Common Names

The popular names by which this poisonous plant is known include spurge-laurel, lady-laurel, paradise plant, mystery-plant, and dwarf bay.

Description

The mezereon is a small shrub from one to four feet high. It bears, in early spring before the leaves are out, strongly sweet-scented, rose-purple flowers clustered on the shoots of the preceding year. As it has no corolla, the brightly coloured, tubular calyx, with its four sepals outspread, lends attraction to its flowers. The leaves are long, narrow, tapering into short stalks. The fruit is a one-seeded berry or drupe, oval, one-quarter to one-third inch long, bright red. The plant is in bloom from April to May.

Distribution

It is found in waste places and pastures where it has escaped from cultivation.
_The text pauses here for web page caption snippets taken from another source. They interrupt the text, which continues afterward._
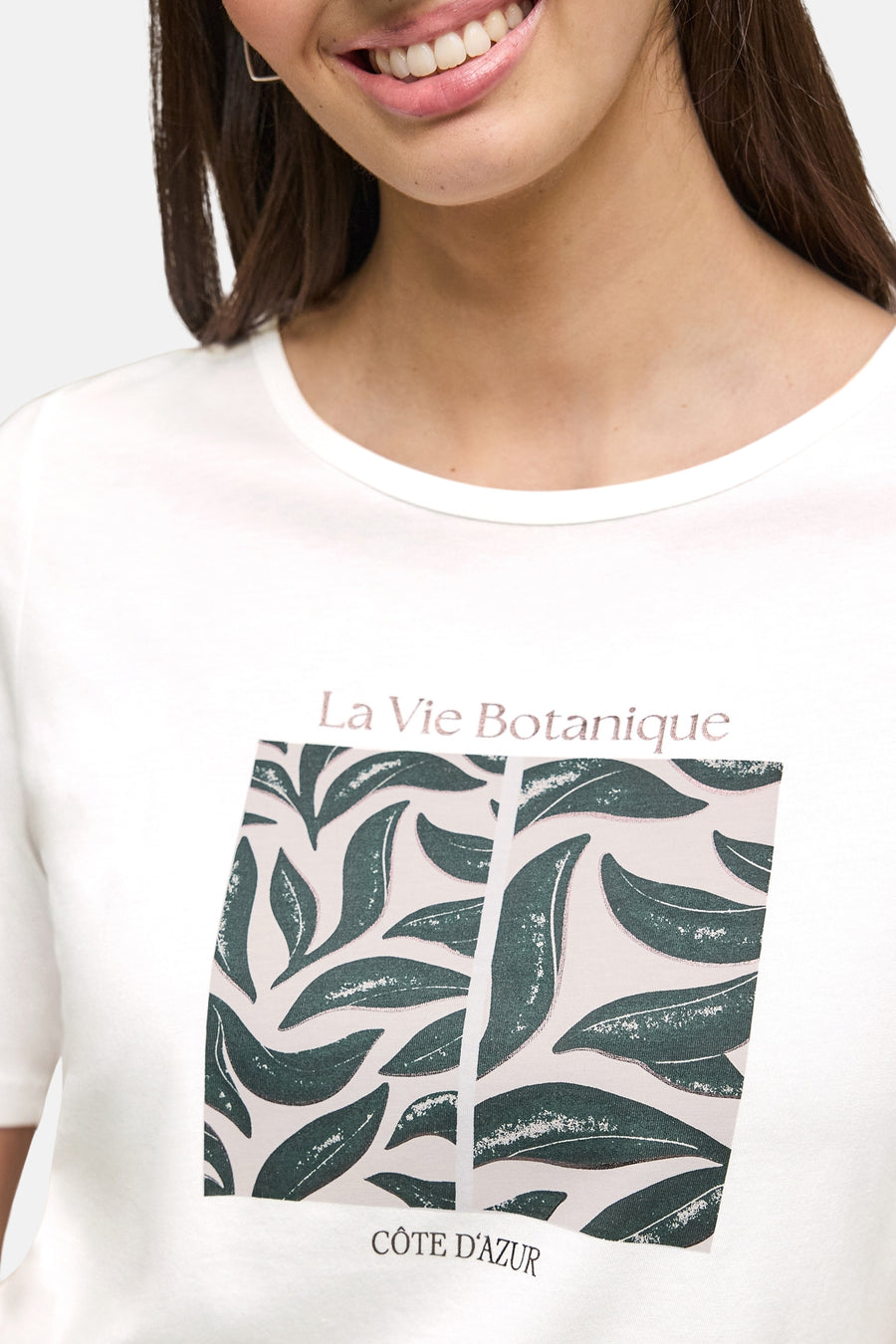 T-shirt (korte mouwen) wit - STREET ONE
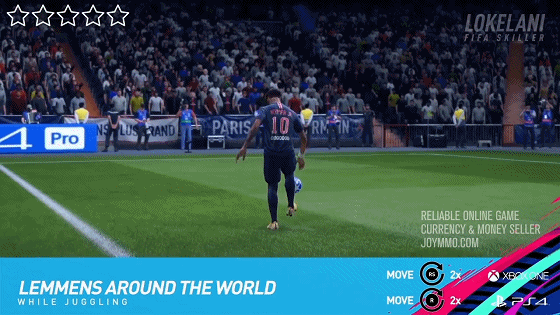 FIFA 19 Five Star Skill Moves Lemmens Around the World (while juggling)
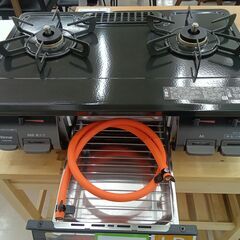 リユースのサカイ栃木店★ジモティ割あり★ Rinnai LPガステーブル KSR670BK  22年製 動作確認／クリーニング済み TC11026の画像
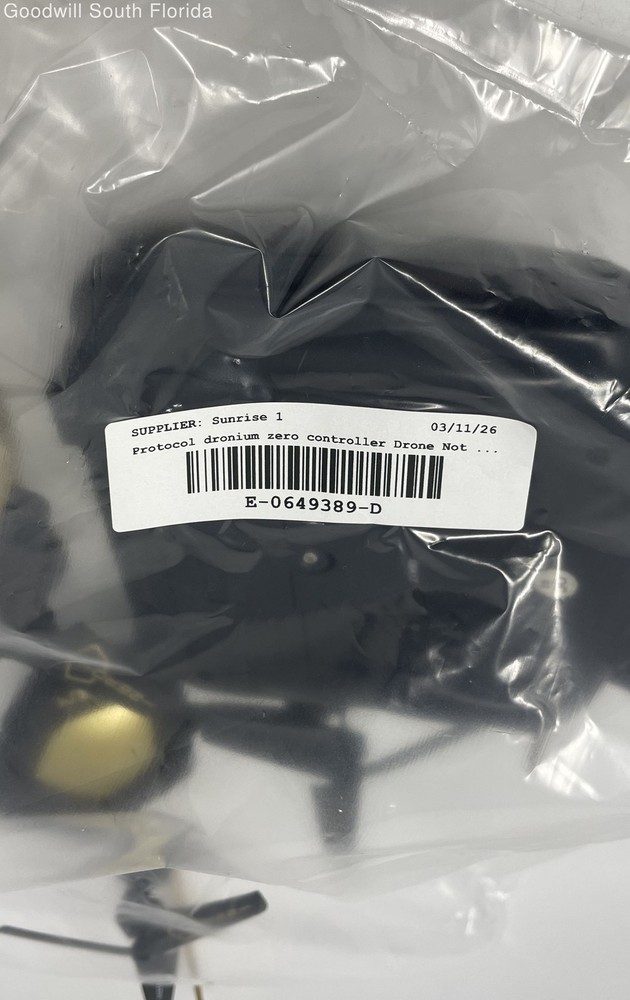 Protocol New York Dronium Zero Black Quadcopter Drone With Controller Not Tested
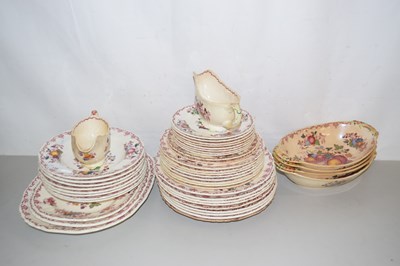 Lot 196 - Quantity of Masons fruit basket table wares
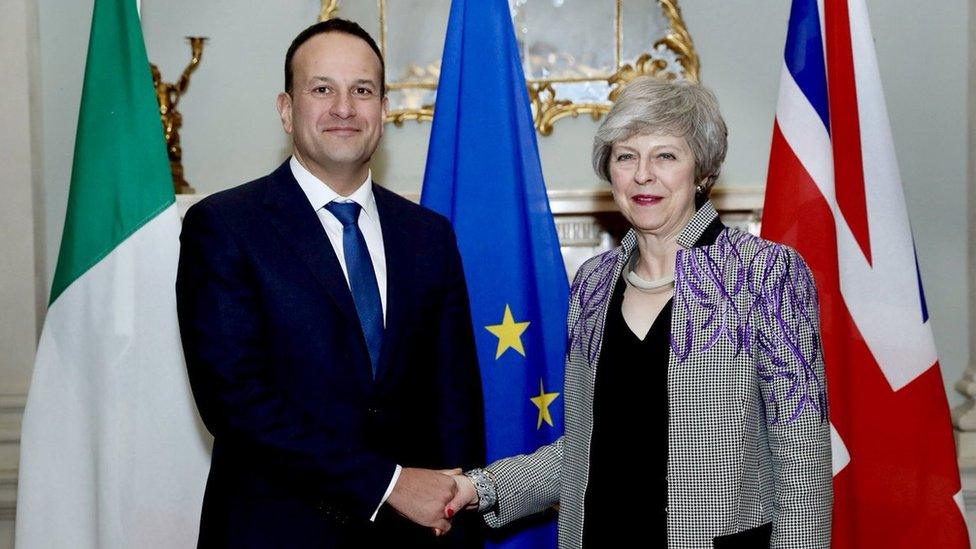 Leo Varadkar and Theresa May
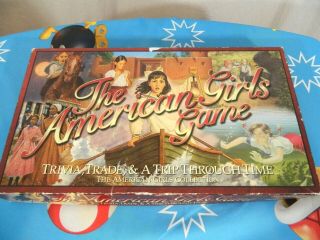 The American Girls Board Game: Trivia,  Trade & A Trip Through Time 1999 Complete
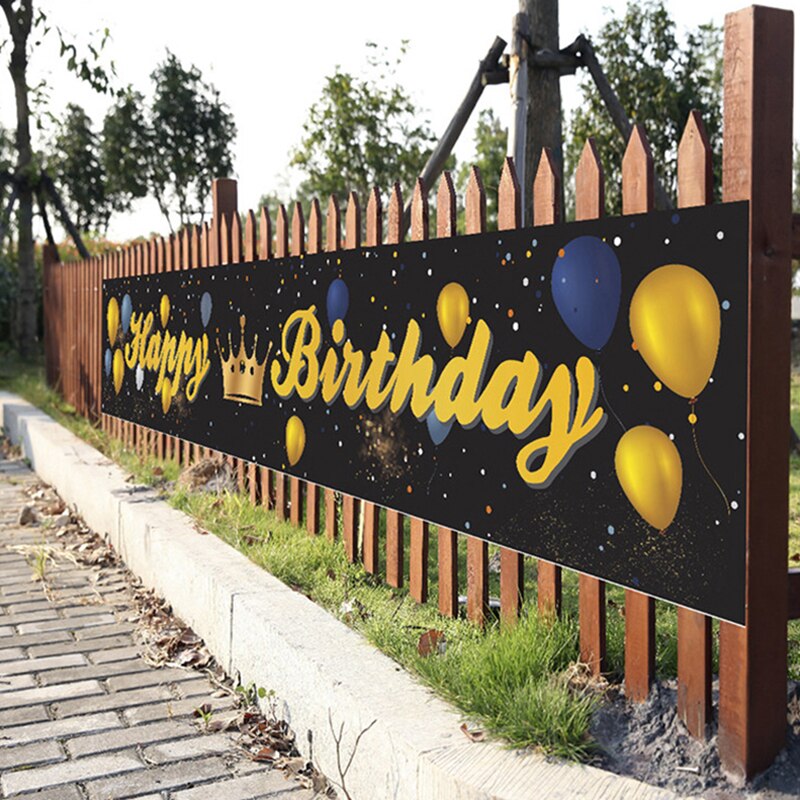 Pancarta de feliz cumpleaños 30, 40, 50, 60, 70, 80, 90, decoración para de cumpleaños para adultos 40, 50, 60, 60, suministros para de aniversario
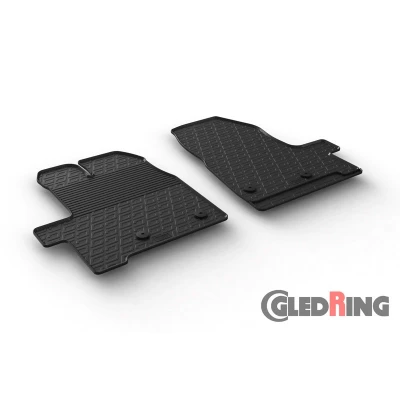 Abbildung von Gledring 0895 Fußmattensatz Gummi vorne 2 schwarz 750mm 550mm FORD: Transit Custom V362 Minibus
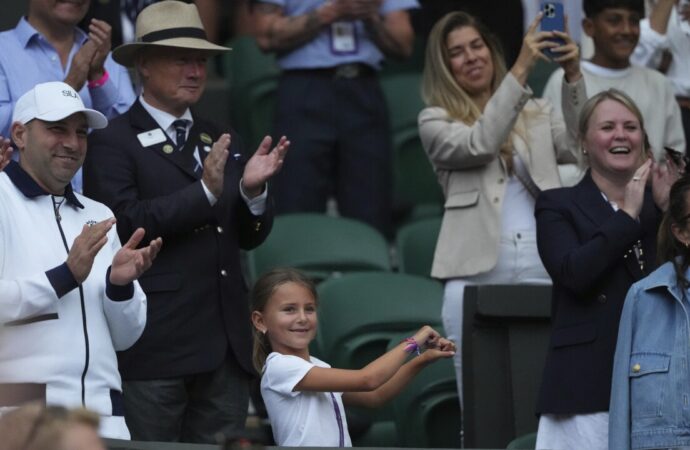 Fiica lui Djokovic a făcut spectacol la Wimbledon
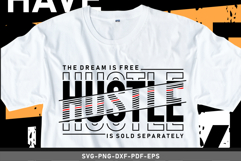 Hustle Slogan Quote T shirt Design SVG Product Image 1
It is locally established in Nova Scotia, western Quebec and Ontario.

Poisonous Properties

All parts of mezereon are acrid and poisonous, especially the bark and berries. They contain an extremely acrid resin mezerein, a bitter poisonous glucoside daphnin, as well as a vesicating fatty oil. The bark has a persistent burning taste, and when freshly applied to the skin produces inflammation and blistering. As a rule animals reject the plant on account of its bitter taste. The abundant bright scarlet berries are very tempting to children. A fatal case of poisoning was lately reported from Nova Scotia. The following from Anne Pratt's book will show that fatalities were not rare in the Old Country.

"Death has resulted from eating but a few of these berries; and Dr. Christison relates a case of a child in Edinburgh who died from eating them, while another is recorded by Linnaeus of a young lady to whom twelve of the berries were given as a medicine in intermittent fever, and who soon died in consequence of their corrosive poison. Four berries produced thirst, sense of heat in the mouth and throat, and also fever, in a man who ate them, and they are proved to be poisonous to dogs and foxes."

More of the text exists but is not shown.